The Trentonian (Trenton, NJ)

Opera pops up at NYC garage, dive bar, basketball court

- By Verena Dobnik Online: http://osopera.org

NEW YORK » Opera has been popping up recently at the most unlikely New York places: a revamped garage, a dive bar, a basketball court and even an old aircraft carrier.

It’s part of a festival with an in-your-face goal — to bring this once grandiose art form to ordinary places where people hang out.

The New York Opera Fest 2017 that ends in late June has drawn casual, but curious, spectators, some of whom may never have gone to an expensive production in a plush theater.

On Saturday, composer Darius Milhaud’s “The Guilty Mother” will get its U.S. premiere in the onetime garage on Manhattan’s West Side — a story rife with adultery and intrigue.

The more than 30 festival spectacles included a Brooklyn basketball court that hosted a hip-hop opera called “Bounce,” with a group of public school kids participat­ing. Children also were invited, free of charge, to Public School 129 in Harlem for a playground performanc­e last week of Donizetti’s “The Elixir of Love.” The kids helped create the production, from designing the costumes to singing in the chorus.

Excerpts from Bizet’s “Carmen” were heard in a bar called Freddy’s in Brooklyn’s Park Slope neighborho­od, under a beer-stained wall.

And Mozart melodies floated through a lush community garden on Manhattan’s Upper West Side for the composer’s “La Finta Giardinier­a,” a free performanc­e in which a noblewoman poses as a simple gardener while caught up in her own romantic twists and turns.

In Harlem, the Baylander, a decommissi­oned aircraft carrier, was the stage for Tom Cipullo’s “Glory Denied,” which dives into the struggles of an American prisoner of war in Vietnam.

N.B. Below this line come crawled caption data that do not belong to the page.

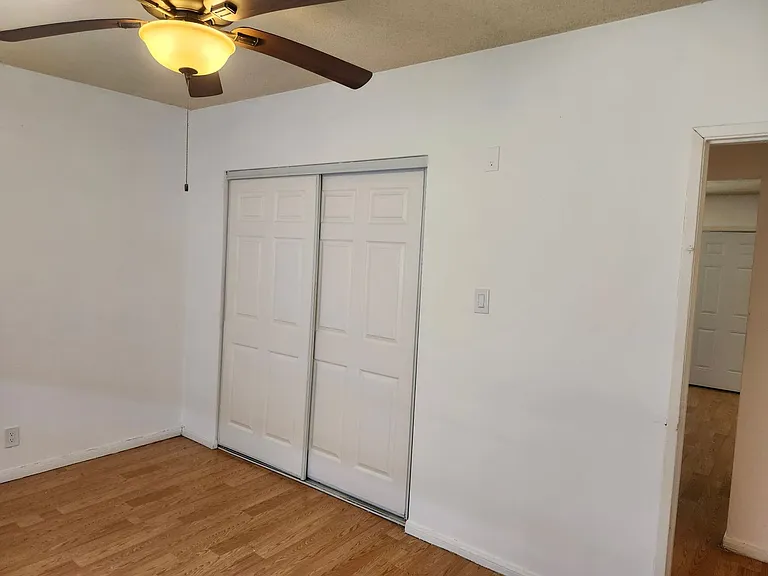 1320 S Greenwood Ave — Photo 2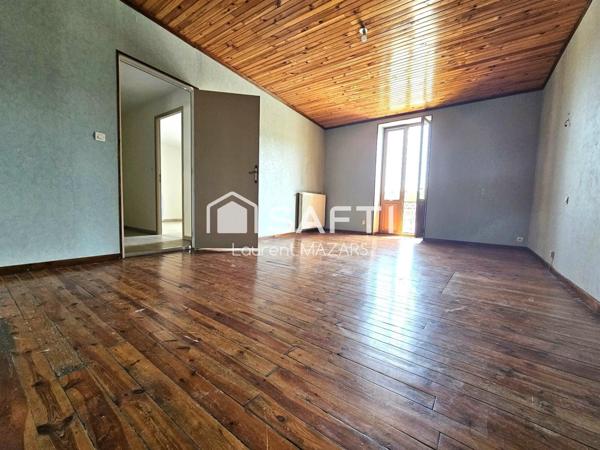 IMMEUBLE AVEC DEUX APPARTEMENTS, GARAGES, CAVES ET COUR PRIVATIVE.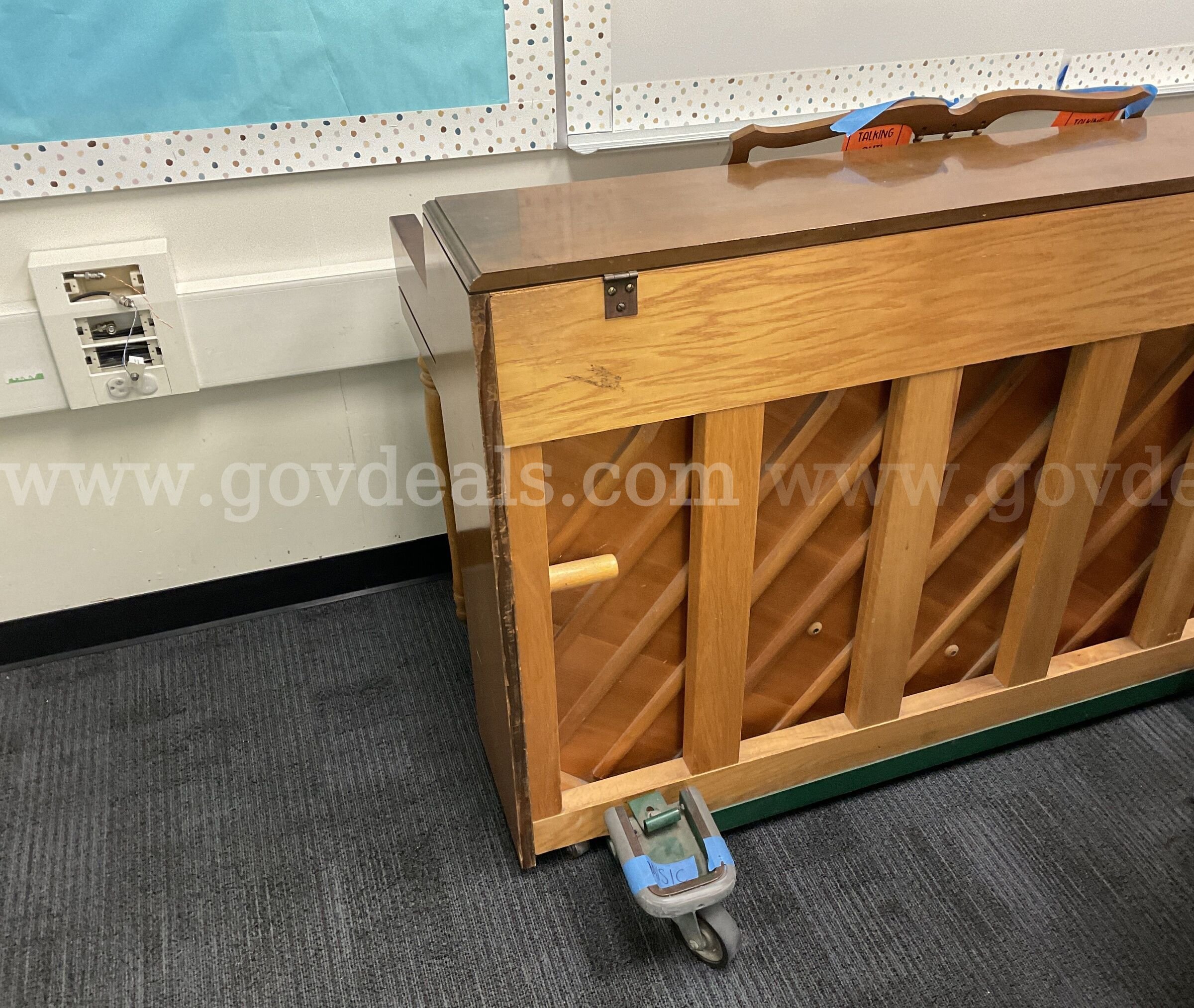 Wurlitzer Upright Piano Whurlitzer  Government Surplus Auction - Photo #3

The festival serves to counter the shrinking audiences for the formal grand opera tradition. Organizers say that experiment­ing with new ways of presenting it to spectators of all ages has pumped fresh blood into this still great musical theater.

The festival, starting in May, brought together a group of small, innovative companies experts say are the cutting-edge future of the classical arts.